Hi,
Looks like you have a lot of spare time. Getting down to ms latencies on every piece of equipment would be hard enough in an environment where you had dedicated and isolated equipment every step of the way.
FC latencies are definitely a matter of the "moving parts", as you say, mostly queuing/buffering along the paths, possibly reordering of commands within switches with multiple paths/ISL's.
NFS latencies are probably more complex given congestion algorithms and the possibility of necessary TCP retransmissions (assuming/hoping you use TCP with NFS). NFS also needs to keep track of the status of files (and parts of files) and directories and has quite a bit of RPC "chatter" depending the version. Depending on the client, you also have a fair amount of buffering within the OS, without mentioning normal TCP window sizing, NFS read/write size options, Ethernet jumbo frames, TCP offloading or other tuning options for the NICs, general TCP stack tuning, and the like. NFS just has a lot more slack built in. It's not always a negative thing, but this resilience has its cost if it needs to be used, i.e. the latency spikes you see.
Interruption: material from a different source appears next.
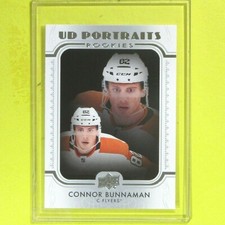 CONNOR BUNNAMAN  2019  ROOKIE UD PORTRAITS  #P55  Philadelphia Flyers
FC is pretty rigid, but almost simple in comparison and has generally lower latencies. FC also fails in spectacular ways during congestion scenarios that TCP handles with ease, at least if one doesn't use a lot more complex fabric configuration and strict queue depth policies on servers. It's like a fine sports car while NFS is like your reliable jeep.
I wish you luck in your endeavor, but I would be slightly surprised if you succeed. Isolating all of the parts and settings would be a very complex matrix.
S.